Für die Fachschaftszeitung "Wurzelmännchen" an der TU Clausthal entstand der folgende Artikel im März 2007 - "Sofwareentwicklung unter Kontrolle":
Probleme
Die Entwicklung von Software im Team stellt alle Entwickler vor das Problem, dass jeder nur einen Teil der Software schreiben kann, denn schließlich soll gemeinsam eine umfangreiche und nicht von jedem eine eigene minimale Version einer Software implementiert werden. Ab einem gewissen Zeitpunkt benötigt jedoch jeder Entwickler des Teams Zugriff auf alle Quellcode-Teile, um daraus eine (hoffentlich) lauffähige Software zusammensetzen zu können.

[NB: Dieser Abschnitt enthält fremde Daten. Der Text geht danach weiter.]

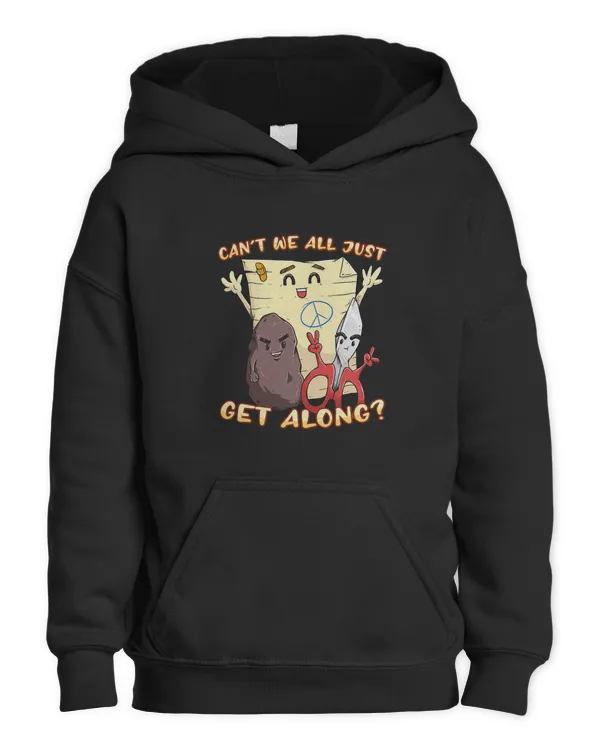 Kids Pullover Hoodie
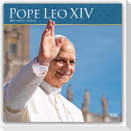 Pope Leo XIV - Papst Leo XIV 2027 - 16-Monatskalender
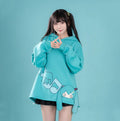 Hatsune Miku - Hatsune Miku Ita Hoodie Moeyu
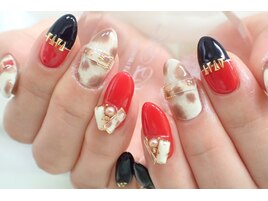 アニマル柄　ハラコアート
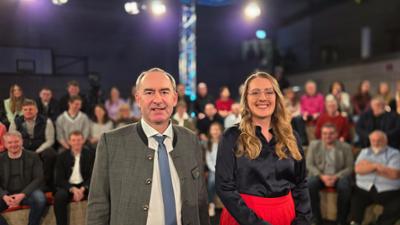 jetzt red i: Zoff um die Energiewende - Bremst der Klimaschutz die Wirtschaft aus?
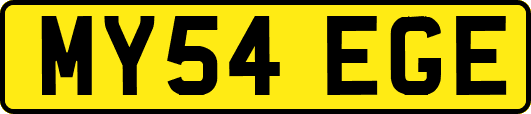 MY54EGE
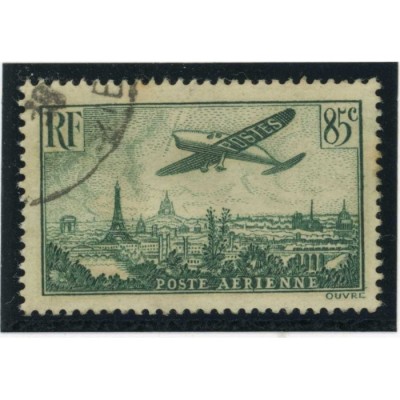 YT PA 8 - Oblitéré - Cote 3 Euros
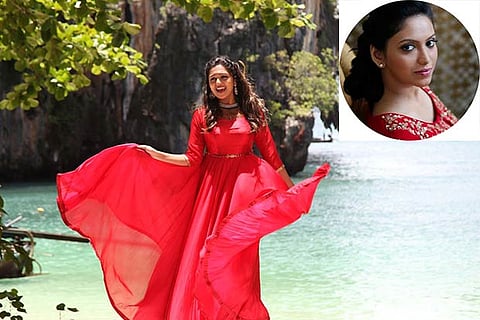 A still from the movie Rekka; Insert: Joy Crizildaa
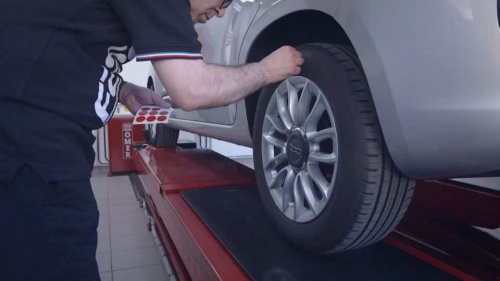 Бесконтактный 3D стенд развал схождения Fasep NoContact VNPH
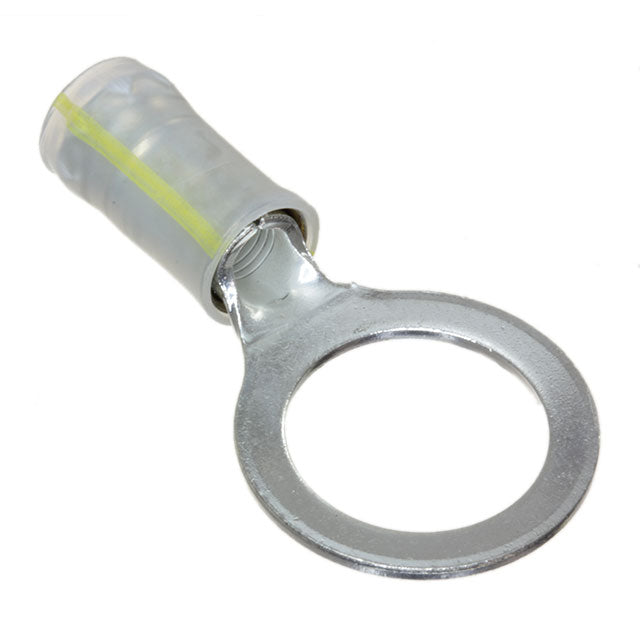 AMP 53429-1 PIDG 12-10 AWG 1/2" Ring Terminal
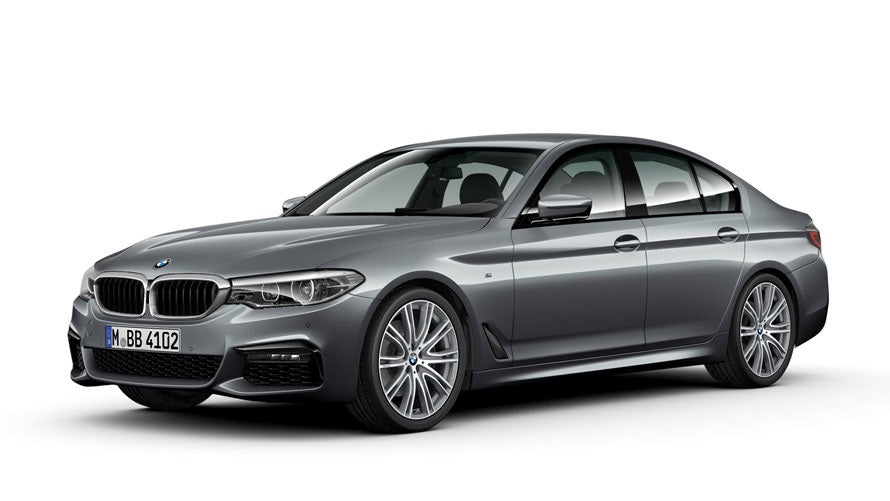 Rete del bagagliaio BMW Serie 5 G30 fabbricazione 02.2017 - presente, carrozzeria berlina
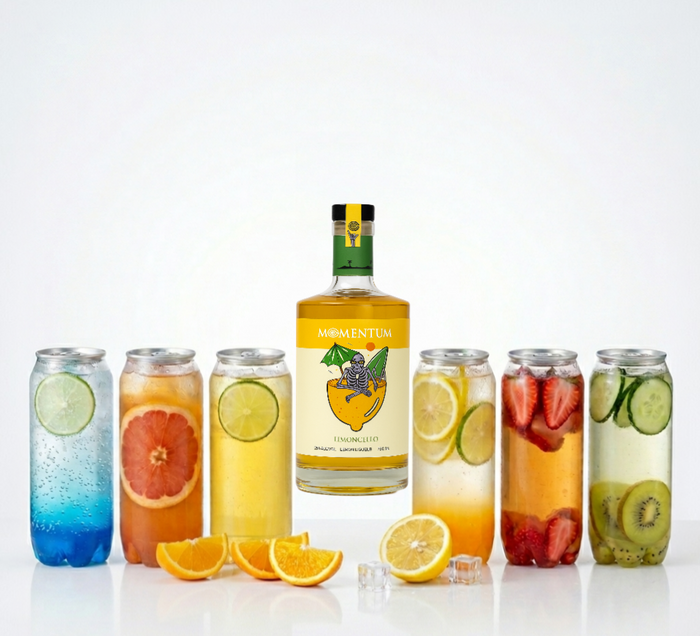 Limoncello Cocktail (double) To-Go Only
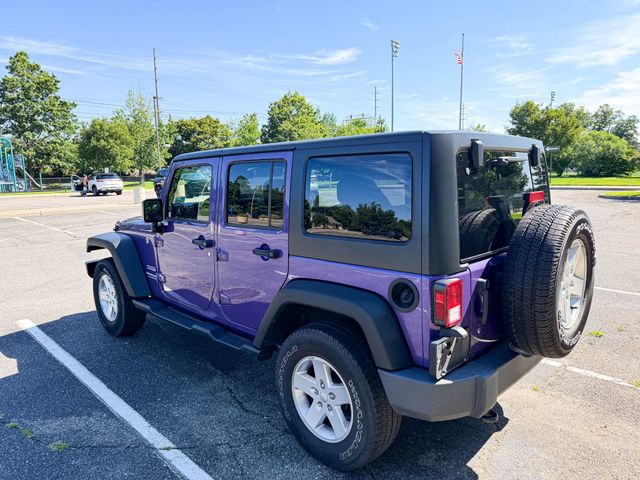 2017 Jeep Wrangler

Das Herummailen von Quellcode und Teilen desselben ist in der Anfangsphase bei kleinen Projekten möglicherweise noch ein gangbarer Weg - bei größeren Software-Paketen mit vielen Quellcode-Dateien oder wenn es häufige Updates der einzelnen Komponenten gibt, raubt die Verwaltung des Codes jedoch viel Zeit, die dann nicht mehr für die eigentliche Entwicklung zur Verfügung steht.
Abhilfe
Abhilfe schafft hier offensichtlich primär die Einrichtung eines zentralen und von jedem Entwickler zugreifbaren Speicherplatzes. Betrachtet man den Prozess verteilter Programmierung noch etwas genauer, stellt sich jedoch heraus, dass ab und an die Notwendigkeit besteht, im Code eines anderen Entwicklers etwas zu ändern; möglicherweise arbeiten auch zwei Entwickler an derselben Datei. Derartige konkurrierende Zugriffe sind ohne eine Synchronisation oder das Sperren ("Locking") der Zugriffe auf eine Datei nicht handhabbar. Sperrungen von Dateien haben sich aber relativ häufig als Bumerang entpuppt, denn sie werden gern (besonders zu fortgeschrittener Zeit) nicht wieder gelöst, wodurch der Entwicklungsprozess verlangsamt oder wieder Zeit für die Administration des Speicherplatzes notwendig wird. Eine Synchronisation wiederum ist über das Internet schwer realisierbar.
Lösung
SVN, die Abkürzung für das (Sourcecode-)Versionierungssystem Subversion, stellt für die bisher genannten Probleme Lösungen bereit. Es basiert darauf, dass ein zentraler Speicherort, das so genannte "Repository", auf einem Server angelegt wird. In diesem legen alle Entwickler die von ihnen geschriebenen Sourcen ab. Das Bilden von Paketen (z.B. in Java) in Abhängigkeit von gemeinsam entwickelnden Gruppen ist dabei ebenso möglich wie das Anlegen eines Verzeichnisses für Dokumentationen und ähnliches. Für Dokumentationen sollten Klartext-Formate wie XML oder TeX bei der Verwaltung durch SVN binären Formaten vorgezogen werden, da SVN intern lediglich die Änderungen der (Klartext-)Daten zwischen den Versionen speichert, was unter anderem zu einem geringeren Speicherplatzbedarf führt.
Die Arbeit mit SVN
Da nicht dauerhaft direkt auf dem Repository gearbeitet werden kann (sonst gäbe es das Problem des gleichzeitigen Zugriffs ja doch wieder), arbeiten die Entwickler auf Kopien des Repositories, den so genannten "Workspaces". Durch ein Herunterladen beziehungsweise "Auschecken" des Codes aus dem Repository auf die eigene Festplatte besteht eine komplette Kopie der zentral vorhandenen Quellen aller Entwickler. Damit ist die Programmierung ohne ständig notwendigen Zugriff auf das Repository möglich; die eigenen Änderungen werden nach sinnvoller Zeit an selbiges durch eine "Commit"-Aktion übertragen und dort abgelegt. Sehr vorteilhaft ist hier wiederum, dass ein Entwickler Fehler im Zusammenspiel mit dem Code der anderen Komponenten lokal beheben kann, bevor er seine Neuerungen den anderen Entwicklern zur Verfügung stellt. Bei der Übermittlung von Änderungen an SVN ist die Angabe eines kurzen Kommentars wichtig und sinnvoll, um einen groben Überblick über die getätigten Änderungen zu hinterlegen.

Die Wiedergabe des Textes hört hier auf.